═══ Entries shown ═══
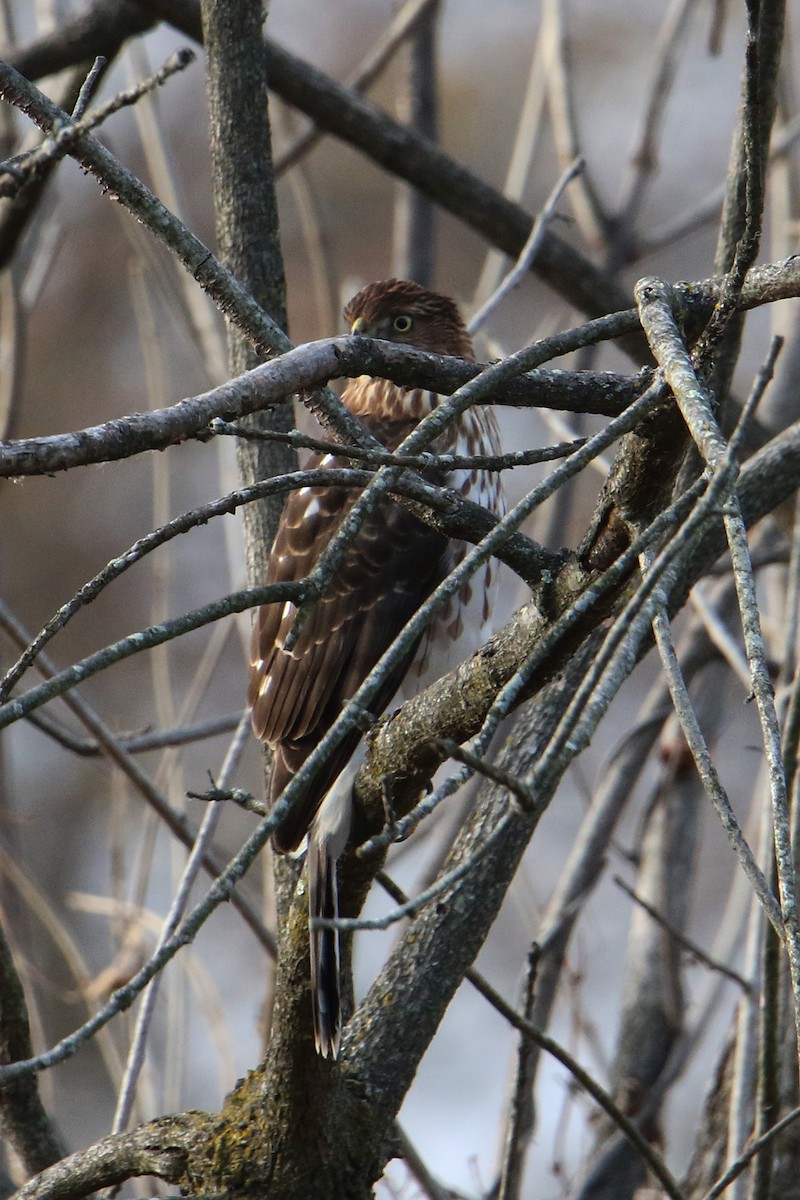 Cooper's Hawk - ML627566285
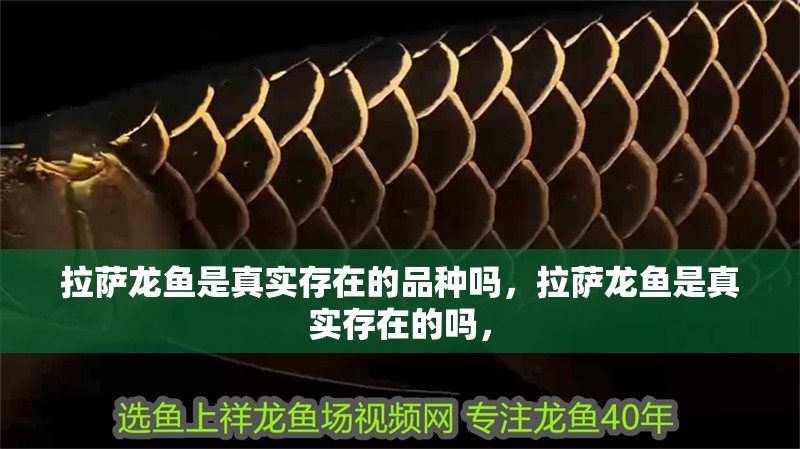 拉薩龍魚是真實存在的品種嗎，拉薩龍魚是真實存在的嗎，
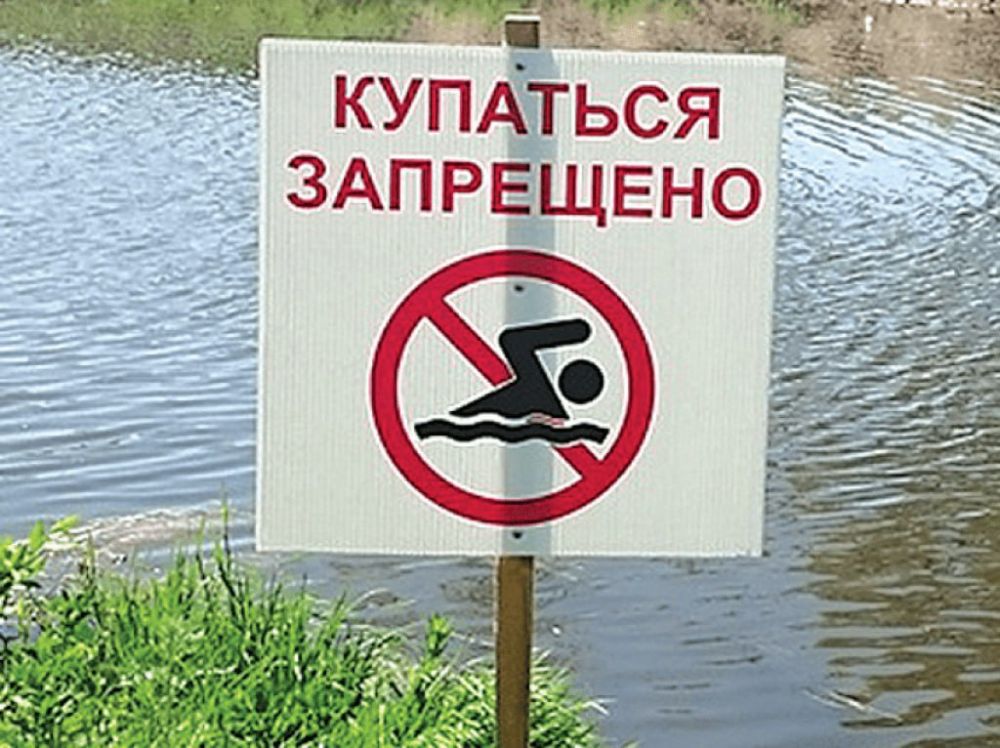 �������� ����������� ������������, ����������� ������������ ��������������� ������ ���������� ���������...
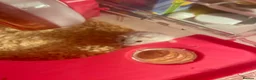 Hamster rodents for sale: Snow White Syrian hamster in Manchester - Advert 5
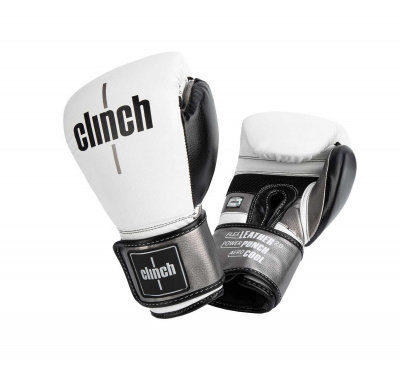 Перчатки боксерские Clinch Punch 2.0 C141 бело-черно-бронзовый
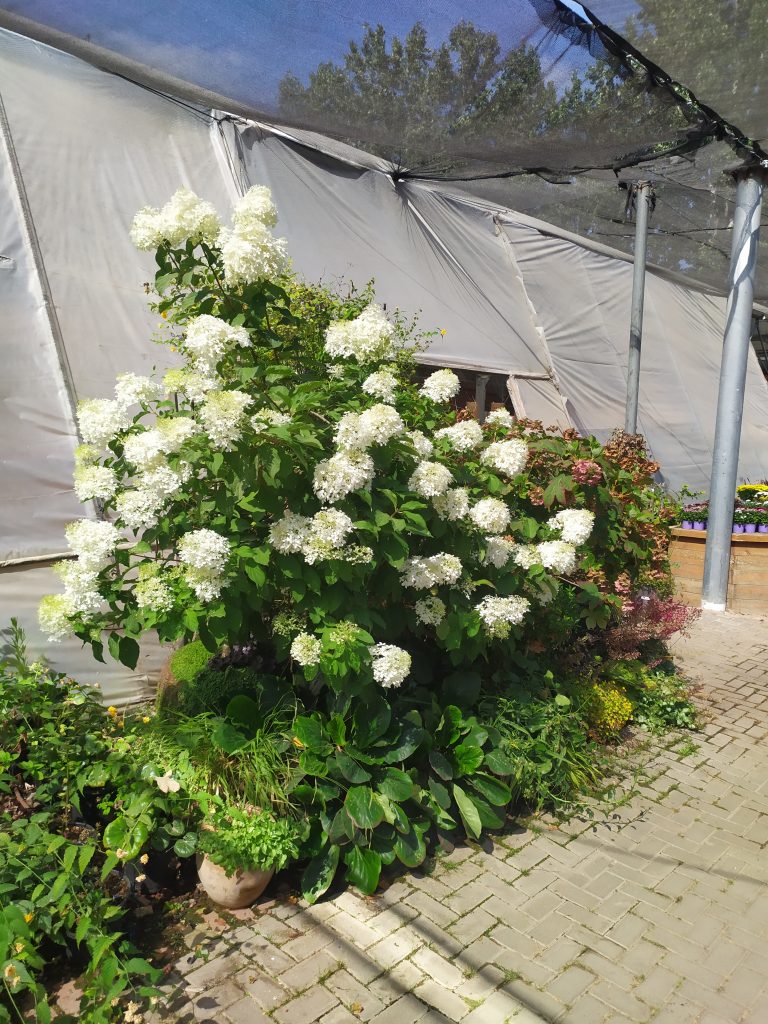 Hydrangea_paniculata__full_up3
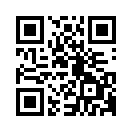 QR CODE 43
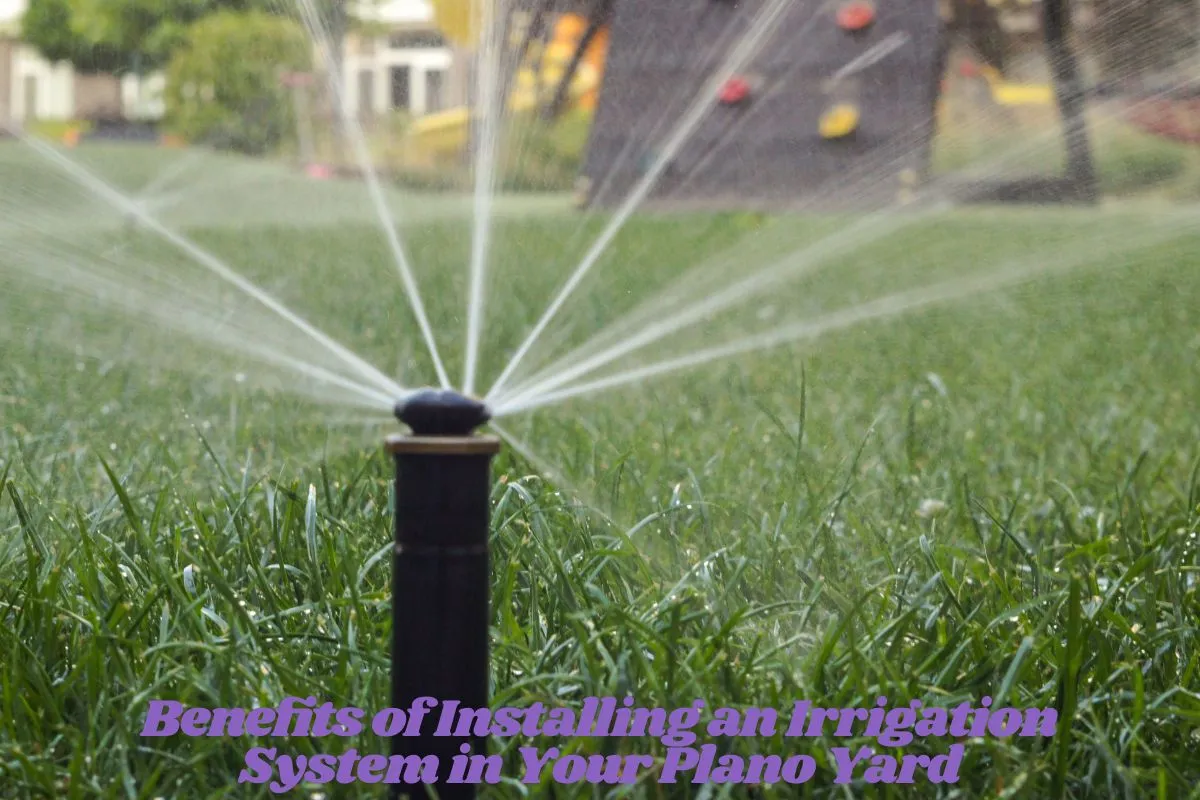 Benefits of Installing an Irrigation System in Your Plano Yard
═══
-- Exercise --
Pictures stay out; the data above is to be returned exactly.

-- Your solution --
 Cooper's Hawk - ML627566285
 拉薩龍魚是真實存在的品種嗎，拉薩龍魚是真實存在的嗎，
 �������� ����������� ������������, ����������� ������������ ��������������� ������ ���������� ���������...
 Hamster rodents for sale: Snow White Syrian hamster in Manchester - Advert 5
 Перчатки боксерские Clinch Punch 2.0 C141 бело-черно-бронзовый
 Hydrangea_paniculata__full_up3
 QR CODE 43
 Benefits of Installing an Irrigation System in Your Plano Yard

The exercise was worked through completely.